Provided records below:

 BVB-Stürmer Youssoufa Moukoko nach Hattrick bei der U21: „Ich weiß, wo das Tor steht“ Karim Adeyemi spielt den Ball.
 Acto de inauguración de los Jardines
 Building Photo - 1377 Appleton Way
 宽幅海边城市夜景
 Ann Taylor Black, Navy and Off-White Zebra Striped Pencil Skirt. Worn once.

End of Provided records.
Provided records below:

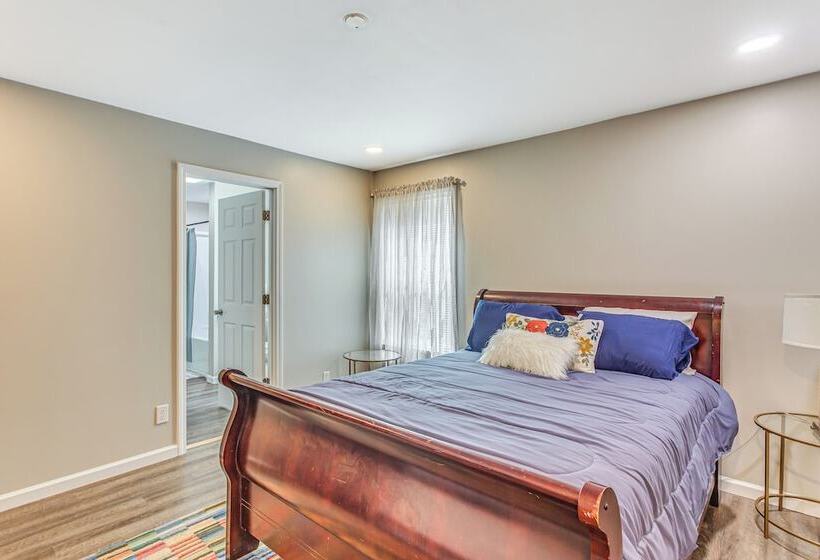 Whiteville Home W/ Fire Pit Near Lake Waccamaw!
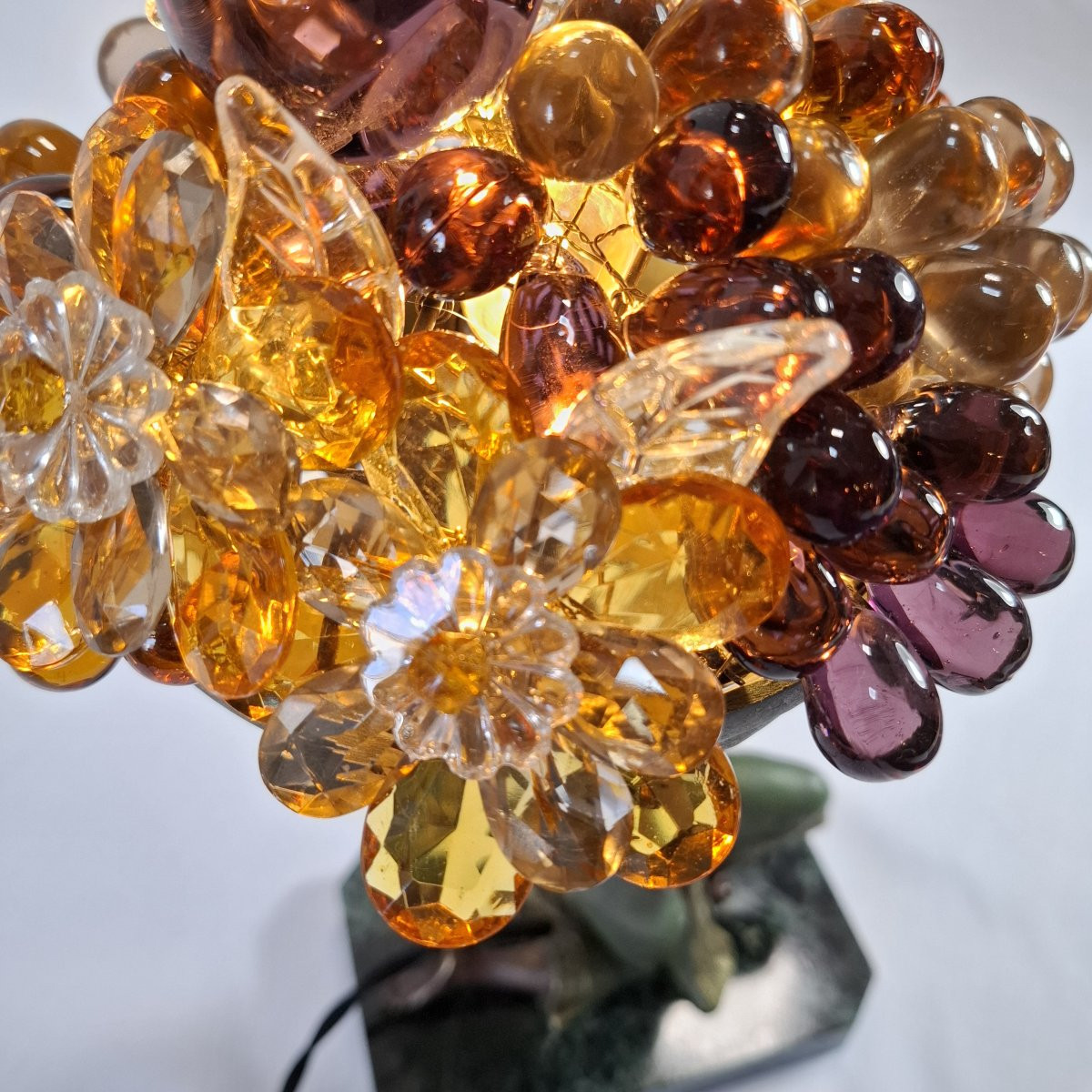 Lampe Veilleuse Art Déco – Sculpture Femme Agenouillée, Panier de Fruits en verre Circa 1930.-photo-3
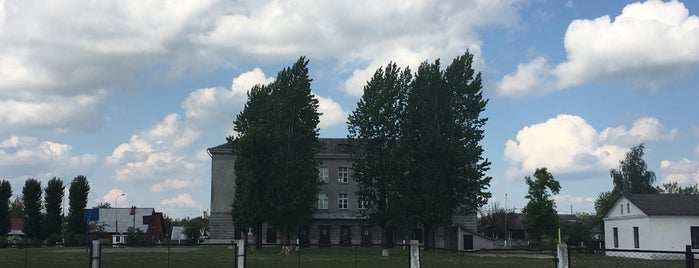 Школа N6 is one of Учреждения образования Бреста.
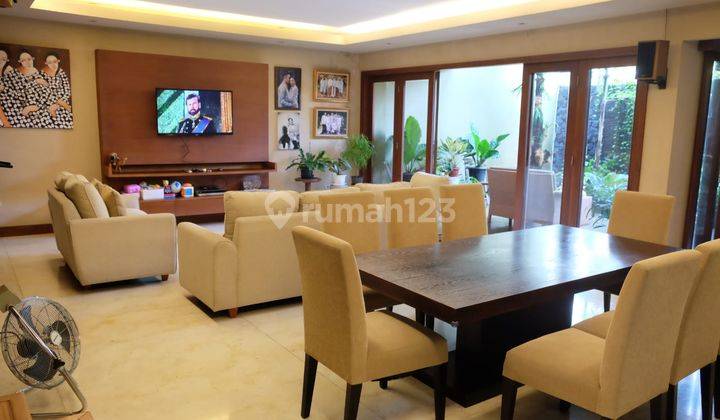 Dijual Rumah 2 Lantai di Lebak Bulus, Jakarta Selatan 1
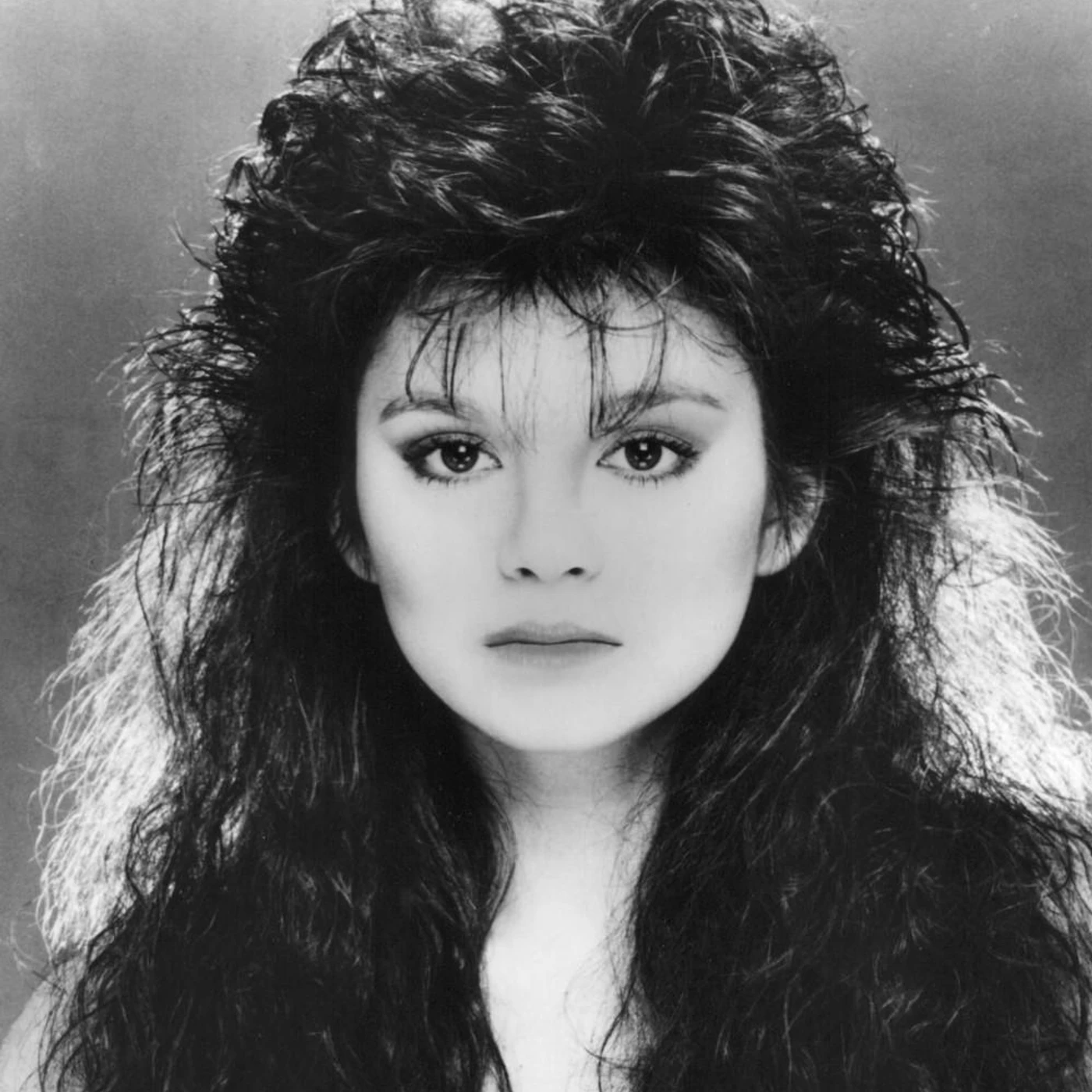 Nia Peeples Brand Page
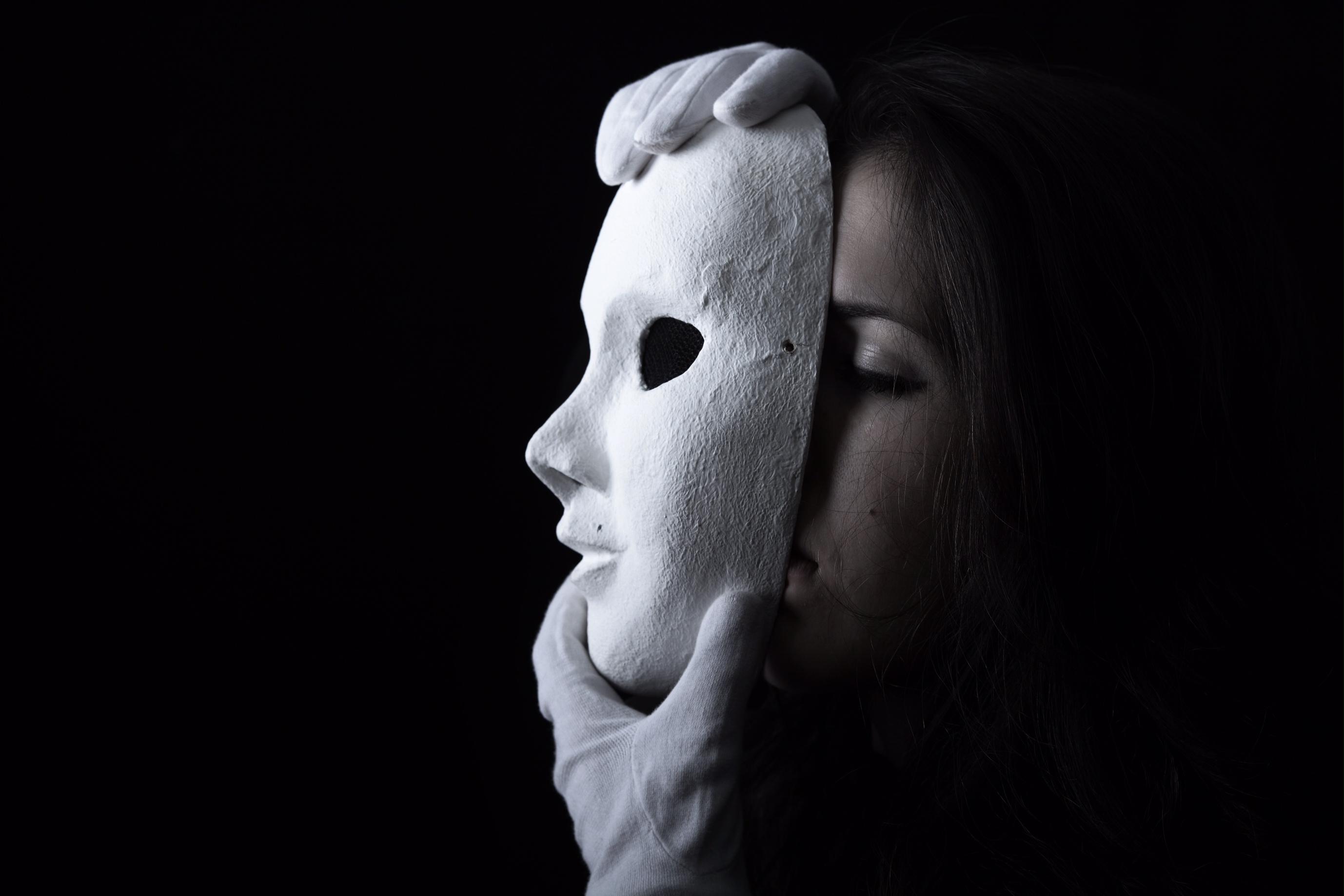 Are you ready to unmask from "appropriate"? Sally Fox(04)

End of Provided records.
Provided records below:

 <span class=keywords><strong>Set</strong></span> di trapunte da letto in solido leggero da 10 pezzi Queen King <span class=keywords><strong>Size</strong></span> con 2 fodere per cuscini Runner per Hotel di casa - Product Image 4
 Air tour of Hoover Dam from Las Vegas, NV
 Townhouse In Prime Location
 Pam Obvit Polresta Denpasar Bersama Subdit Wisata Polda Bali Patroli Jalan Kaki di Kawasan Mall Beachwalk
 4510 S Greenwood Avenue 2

End of Provided records.

**Directions for this task**. Output the material above exactly, but only from the line that carries "Building Photo - 1377 Appleton Way" through the line that carries "Ann Taylor Black, Navy".

**Expected answer**.
 Building Photo - 1377 Appleton Way
 宽幅海边城市夜景
 Ann Taylor Black, Navy and Off-White Zebra Striped Pencil Skirt. Worn once.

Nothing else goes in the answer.